## Work item
The reply should hold only the lines from the one with "YGCHEN Portavivande per" to the one with "Dowry Büyük Beden", both ends kept, exactly as they appear below, without any pictures.

## Exercise data
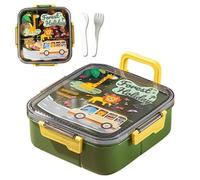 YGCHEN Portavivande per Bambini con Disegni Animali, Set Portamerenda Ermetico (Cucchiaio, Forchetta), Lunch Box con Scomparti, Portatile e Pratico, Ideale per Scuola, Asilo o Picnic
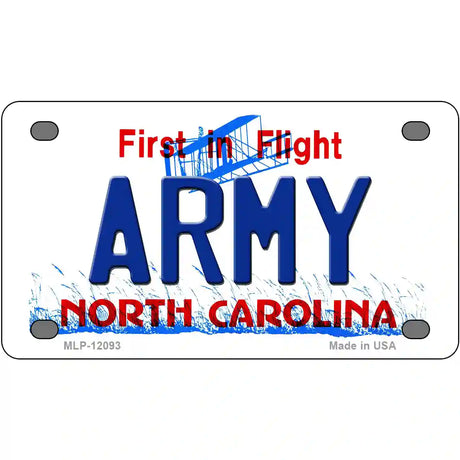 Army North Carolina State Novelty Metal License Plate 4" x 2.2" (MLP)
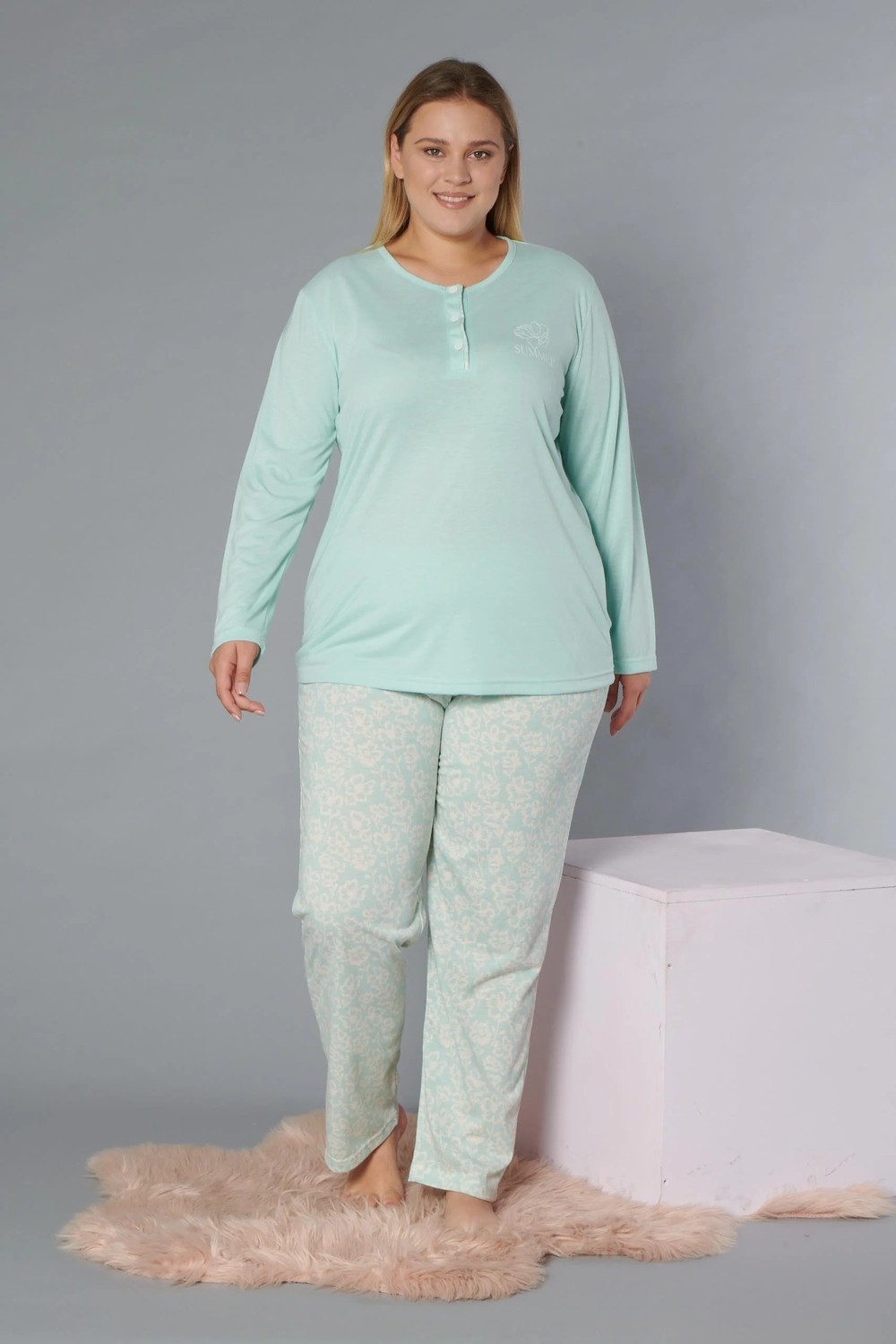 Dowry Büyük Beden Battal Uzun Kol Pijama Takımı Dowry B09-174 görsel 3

---

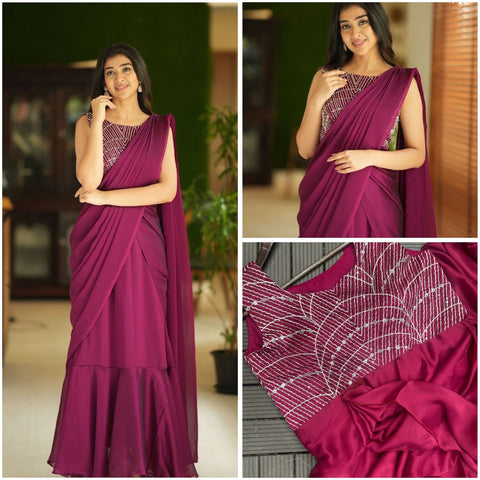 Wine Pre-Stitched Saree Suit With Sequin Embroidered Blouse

...

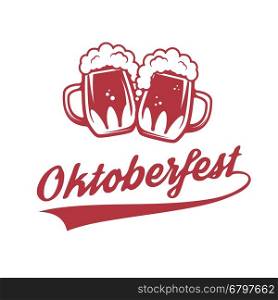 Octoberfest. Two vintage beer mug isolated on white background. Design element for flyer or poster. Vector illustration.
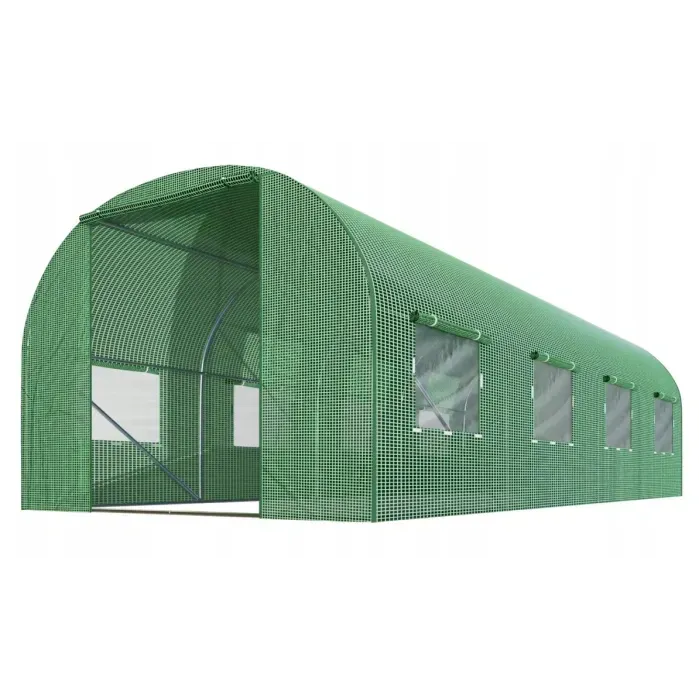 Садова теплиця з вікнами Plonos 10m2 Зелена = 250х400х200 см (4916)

## Completed exercise
 YGCHEN Portavivande per Bambini con Disegni Animali, Set Portamerenda Ermetico (Cucchiaio, Forchetta), Lunch Box con Scomparti, Portatile e Pratico, Ideale per Scuola, Asilo o Picnic
 Army North Carolina State Novelty Metal License Plate 4" x 2.2" (MLP)
 Dowry Büyük Beden Battal Uzun Kol Pijama Takımı Dowry B09-174 görsel 3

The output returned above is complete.